▶ **TASK DETAILS**
What you return should match every record exactly, with the images removed.

*** Begin section ***

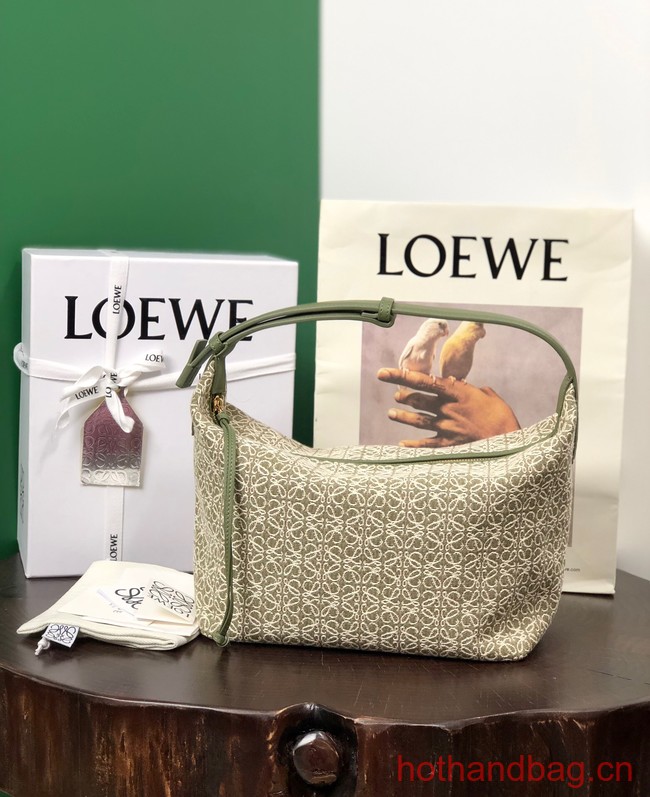 Loewe Miniature Anagram Jacquard and cow leather bag 651420 Green&avocado green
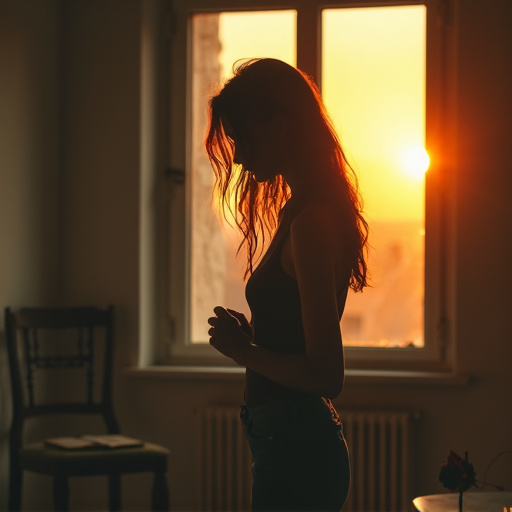 Silhouette of Melancholy: A Sunset Window Scene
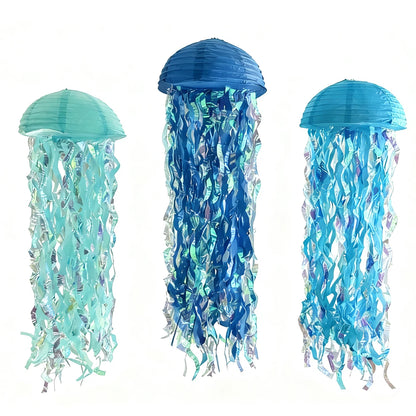 Lot de 3 Lanternes Méduse Bleues 25cm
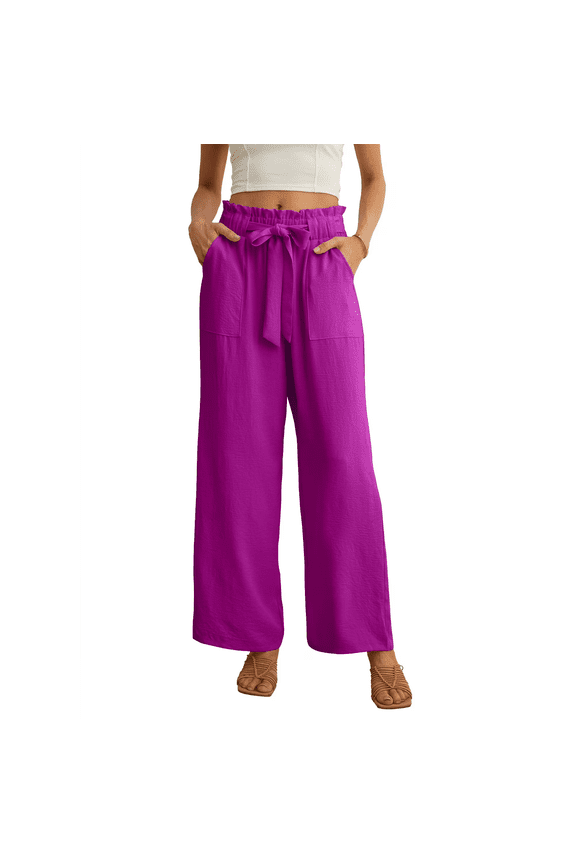 Women's Wide Leg Pants with Pockets High Waist Adjustable Knot Loose Casual Trousers Business Work Casual Pants Dragon fruit red Small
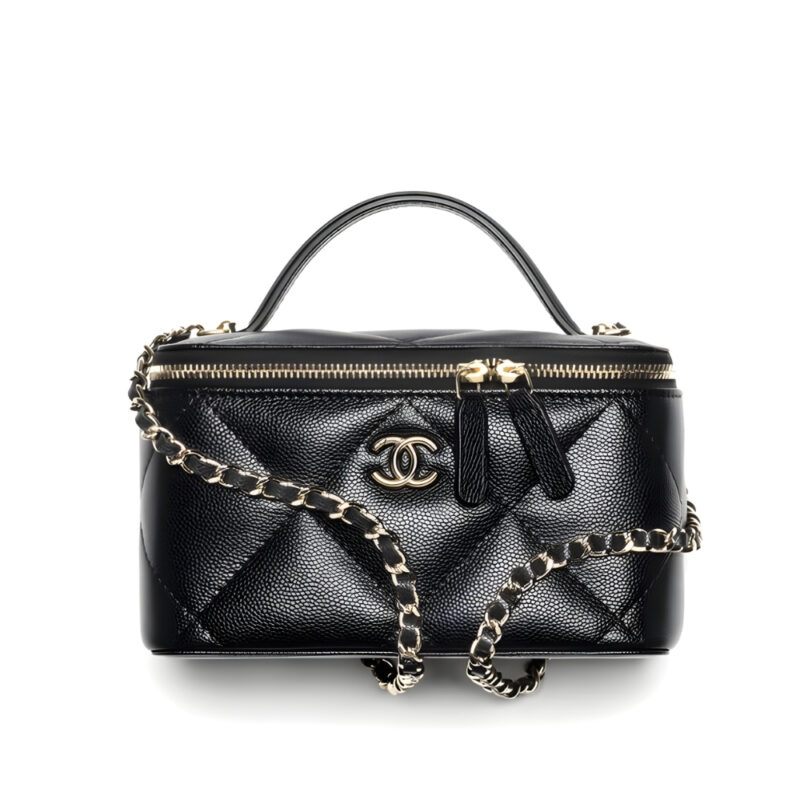 Chanel Long Vanity With Chain Grained Shiny And Gold Tone Metal Black 19Cm Ap4933 B22105 94305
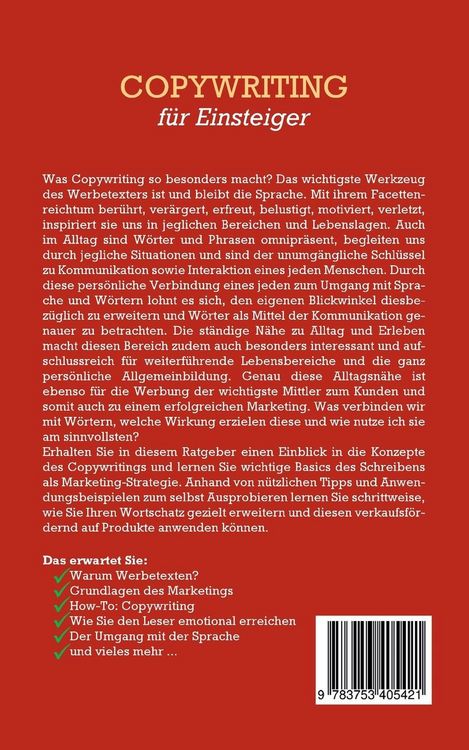 Produktbild: Copywriting f&uuml;r Einsteiger: Wie Sie mit effektiven Werbetexten emotional Verkaufen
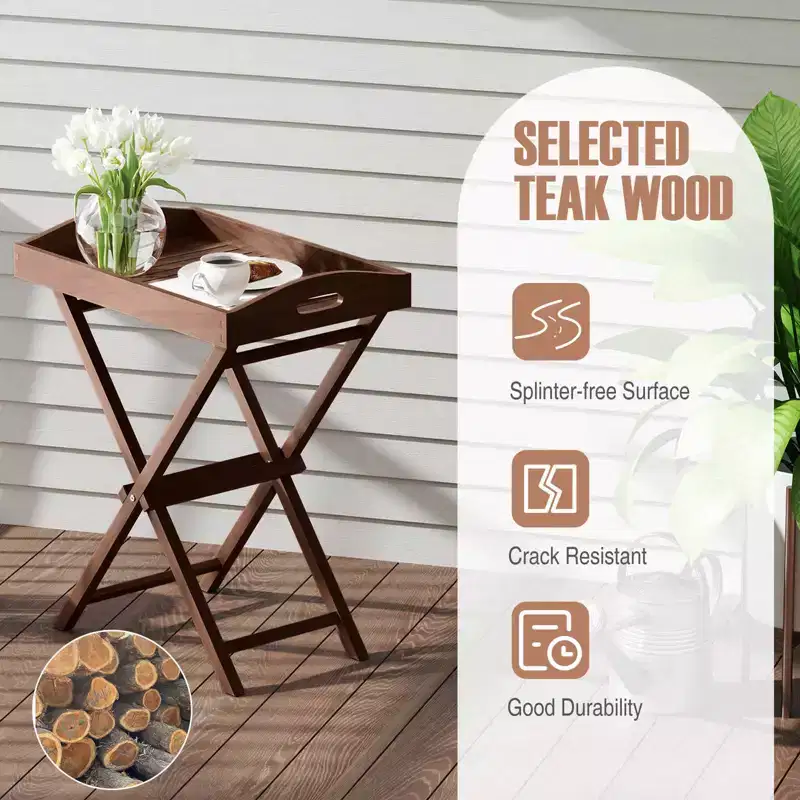 Costway 1/2 PCS Solid Teak Wood Tray Table 28 High Folding Table with Removable Tray Top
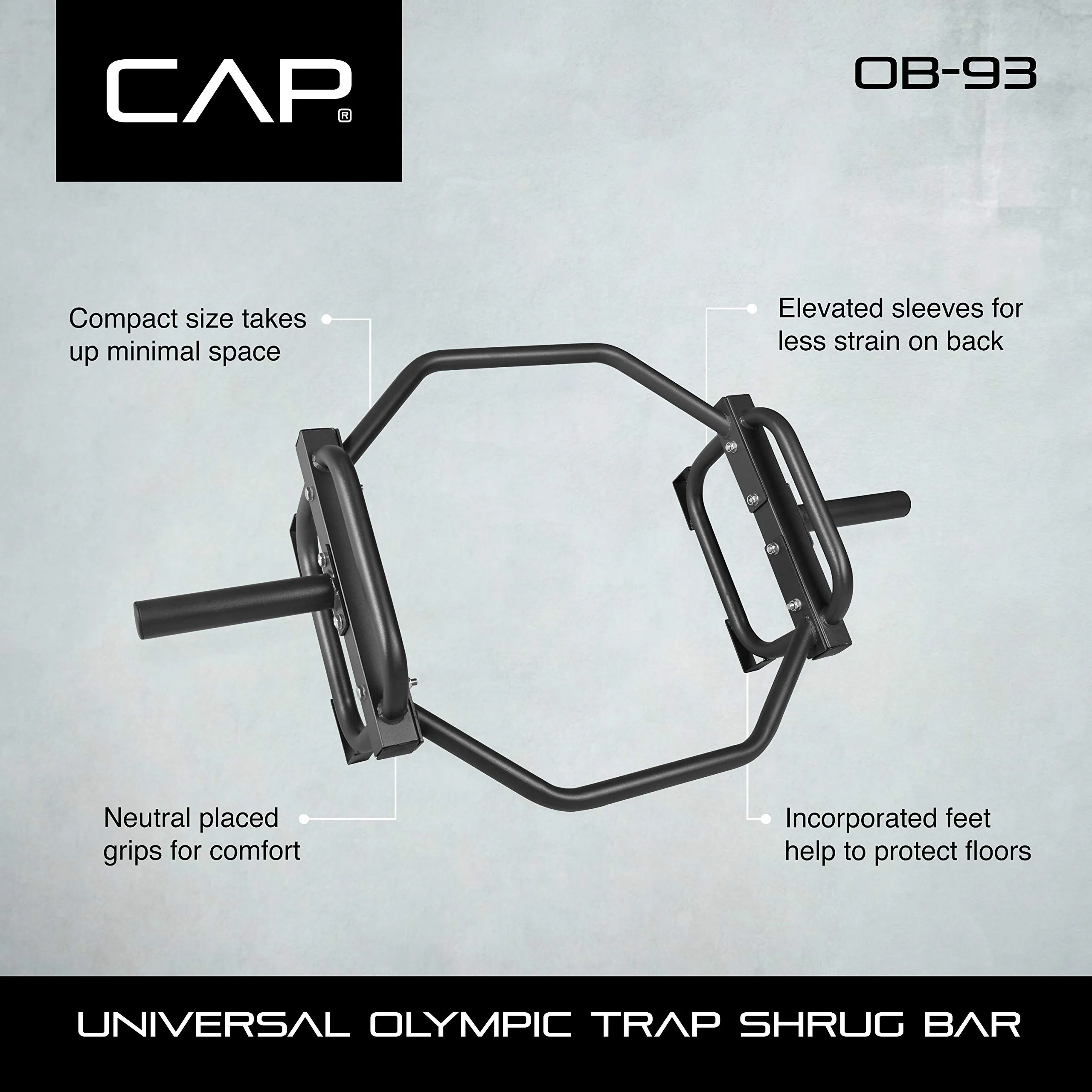 Cap Barbell 50-Inch Olympic Hex Trap Bar for Deadlifts and Shrugs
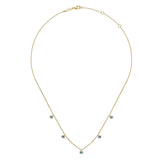 14K Yellow Gold London Blue Topaz Station Necklace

*** End section ***

▶ **ANSWER**
 Loewe Miniature Anagram Jacquard and cow leather bag 651420 Green&avocado green
 Silhouette of Melancholy: A Sunset Window Scene
 Lot de 3 Lanternes Méduse Bleues 25cm
 Women's Wide Leg Pants with Pockets High Waist Adjustable Knot Loose Casual Trousers Business Work Casual Pants Dragon fruit red Small
 Chanel Long Vanity With Chain Grained Shiny And Gold Tone Metal Black 19Cm Ap4933 B22105 94305
 Produktbild: Copywriting f&uuml;r Einsteiger: Wie Sie mit effektiven Werbetexten emotional Verkaufen
 Costway 1/2 PCS Solid Teak Wood Tray Table 28 High Folding Table with Removable Tray Top
 Cap Barbell 50-Inch Olympic Hex Trap Bar for Deadlifts and Shrugs
 14K Yellow Gold London Blue Topaz Station Necklace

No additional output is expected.